The Implementation of Foreign Hereditary Titles in Spain
This article addresses the legal implementation of foreign hereditary titles in Spain. While this article presents a short introduction to the matter, it does not, however, replace a detailed legal consultation with a qualified lawyer.
Private international law provides a number of optio
ns for the regulation of foreign successions. The subject of foreign successions is a very complex matter because it attempts to balance multiple different legal systems.
Two aspects that are common and indispensable to understanding this matter in the context of private international law include (1) when Spanish courts have jurisdiction, and (2) which law applies in cases of international successions.
Jurisdiction of Spanish Courts
Article 22 of Law 6/1985 of July 1 of Judicial Power regulates when Spanish courts have jurisdiction. This Article regulates, among other things, when Spanish courts are competent ones under general Spanish civil law.
Article 22 states:
1. Spanish courts have exclusive jurisdictional competence over:
– Surface rights and the right to the subsoil in Spain;
– The creation, activity, and nullity of companies or legal persons established in Spain;
o The decisions of the organs of these companies or legal persons;
– The inspection and management of official Spanish registries or directories;
– The inspection and protection of patents and other rights that were notified or registered in Spain;
– The implementation of foreign judgments and titles.
2. Spanish courts also generally have jurisdiction when the parties have agreed upon it, either expressly or by implication, or when the defendant lives in Spain.
3. If the question of jurisdiction is unclear under either of the above options, then Spanish courts will be the proper ones in the following cases:
– To determine the protection of minors and disabled persons, provided their domiciles are in Spain;
– To clarify legal relations between spouses, the annulment of marriages, separations, and divorces, provided that both spouses are residents of Spain the plaintiff is a Spanish citizen, or both parties are Spanish citizens and agree on the jurisdictional competence of Spain;
– To determine custody issues if the child has a permanent place of residence in Spain the plaintiff is a Spanish citizen, or the plaintiff resides in Spain;
– To determine matters of maintenance when the creditor resides in Spain;
– To adjudicate contractual claims provided that the contract was executed in Spain;
– To answer questions regarding successions when the testator’s last place of residence was Spain or the testator possessed property in Spain.

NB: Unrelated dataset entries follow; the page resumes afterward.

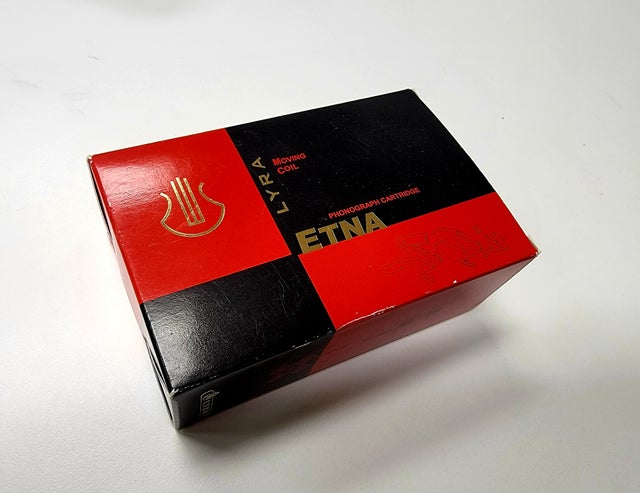 Lyra Etna Cartridge (Used/Demo)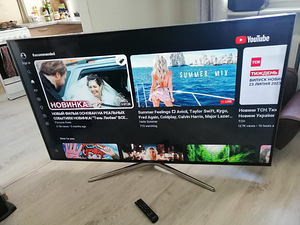 65" Samsung fullHD teler SmartTV 3D (4 foto / 6)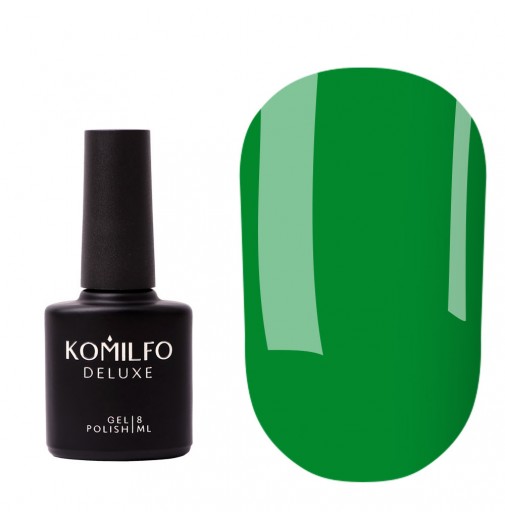 Komilfo  Color Base Forest Green,8мл
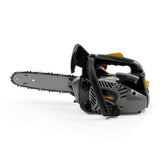 Alpina Motosierra de poda APR 25 (10)'', Para la corte de madera, Barra de corte 25 cm (10''), Motor de gasolina 25.4 cc, 900 W, Velocidad de la cadena 21 m/s, Bomba de aceite regulable
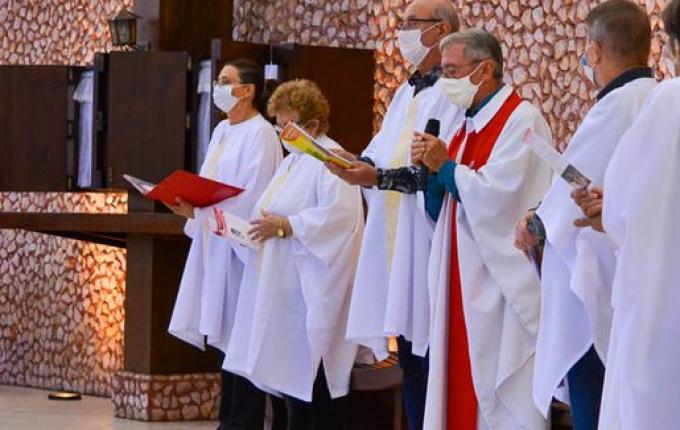 “Jesus não viveu para si, mas se doou para o bem da humanidade”, afirma Padre Ivo Oro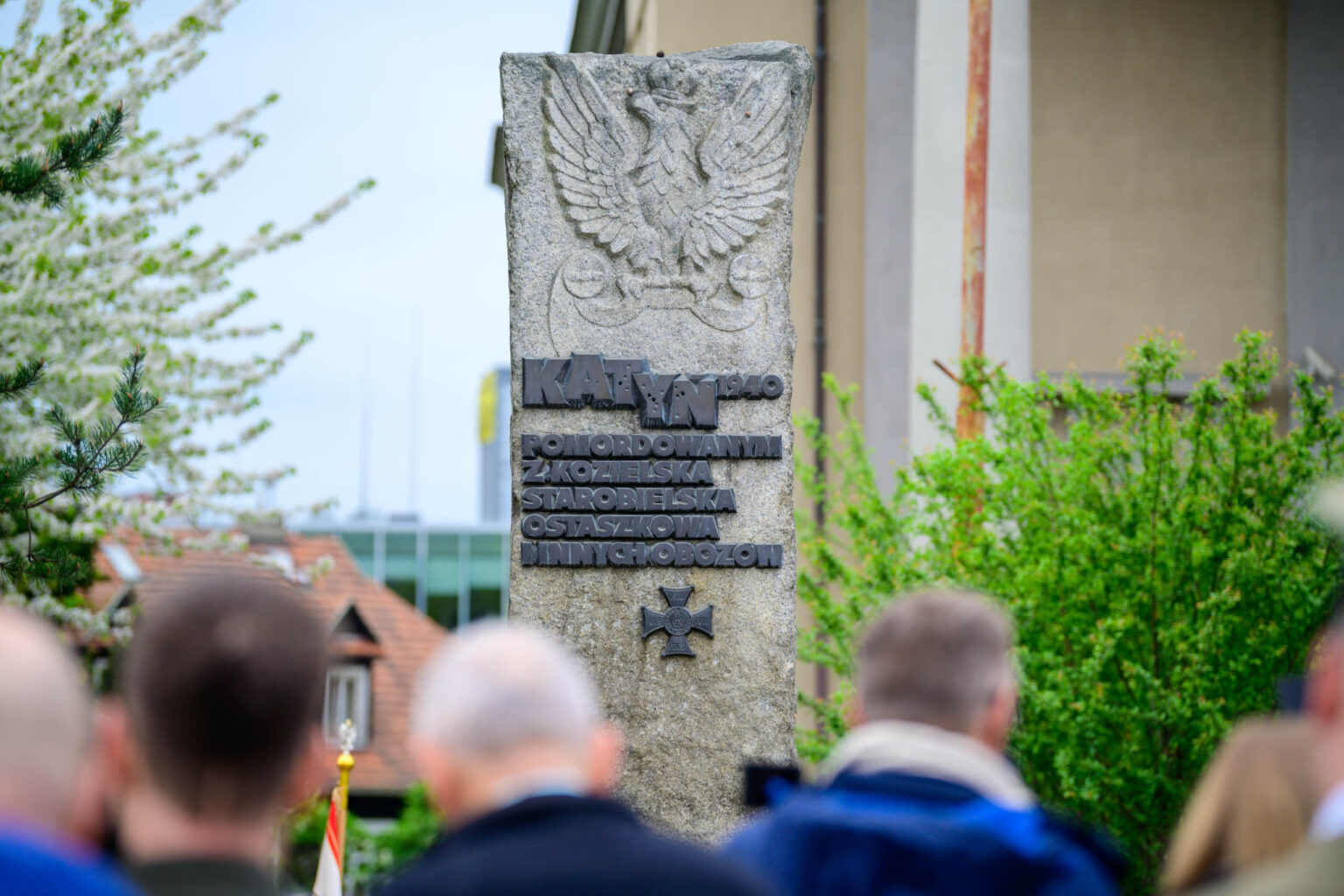 84 rocznica Zbrodni Katynskiej obchody 26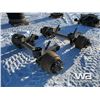 Image 3 : (2) 2014 HENDRICKSON AXLES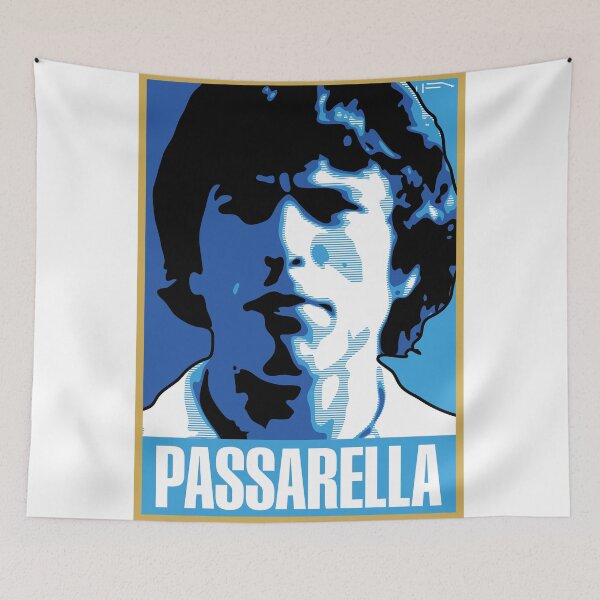 Item preview, Passarella - ARGENTINA designed and sold by DFA.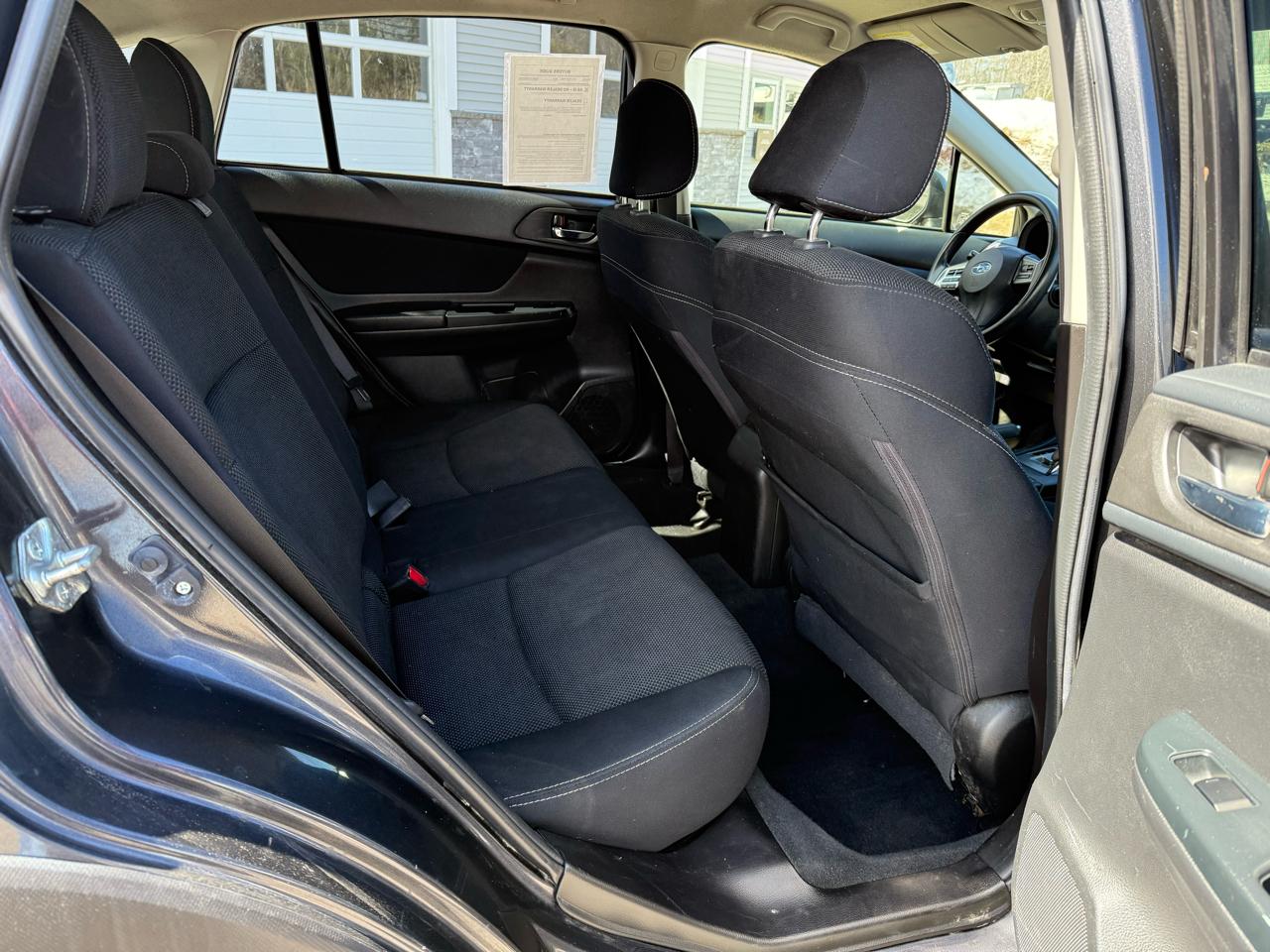 Subaru XV Crosstrek 2.0 Limited 2014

These three paragraphs enable us to glean the following information about succession in Spain:
– Spanish courts have exclusive jurisdictional power over several specific types of cases. Foreign judgments, then, are not recognised in these cases.
– An individual can choose Spain as the appropriate jurisdiction either expressly or by implication. In doing so, it is important to note that Article 55 of the Spanish Code of Civil Procedure requires that the parties expressly agree on a court.
– The power of the courts to hear succession cases may depend on the domicile of the defendant.
– Spanish courts have jurisdictional power when the last domicile of the testator was in Spain or the testator had at least possessed property in Spain.
After considering the question of jurisdiction, the question of which law applies follows. Private international law references Article 9, Paragraph VIII of the Spanish Civil Code. This Article states:
Successions are governed by the law of the state to which the deceased last belonged – regardless of the location of the succession. That law also governs the legal share. Testamentary dispositions or contracts of inheritance are interpreted in the light of the country in which they were finalized, even if it is not that to which the deceased last belonged. The rights of widowed spouses are governed by the law that governed the marriage.
Considering the above, it follows that:
The law of the state to which the deceased last belonged governs legal successions. This applies regardless of the country in which the succession is located.
The law of the state in which the will was created governs testamentary successions. This law can be different from that of the nationality of the deceased. The applicable regulations regarding the legal share originate in the law of the state to which the deceased last belonged.
If a British citizen creates a will under British law (which does not use the legal share principle), becomes a Spanish citizen, and then passes away, the British citizen’s will as a Spanish citizen would be governed by British law. However, the Spanish regulations regarding the legal share, which are foreign to British law, would have to be applied to this case. The consequence would be that a large part of the inheritance would not go to the inheritors named in the contract but to the beneficiary of the legal share.
It would also be possible for another law to apply in the case where the deceased were married. The law that governed the marriage governs the widowers’ rights.. Therefore, it is possible that three different national laws apply to a single succession case.
Therefore, succession cases with international ramifications can be extremely complex. Both the determination of the appropriate jurisdiction and the applicable law imply a detailed analysis for every case.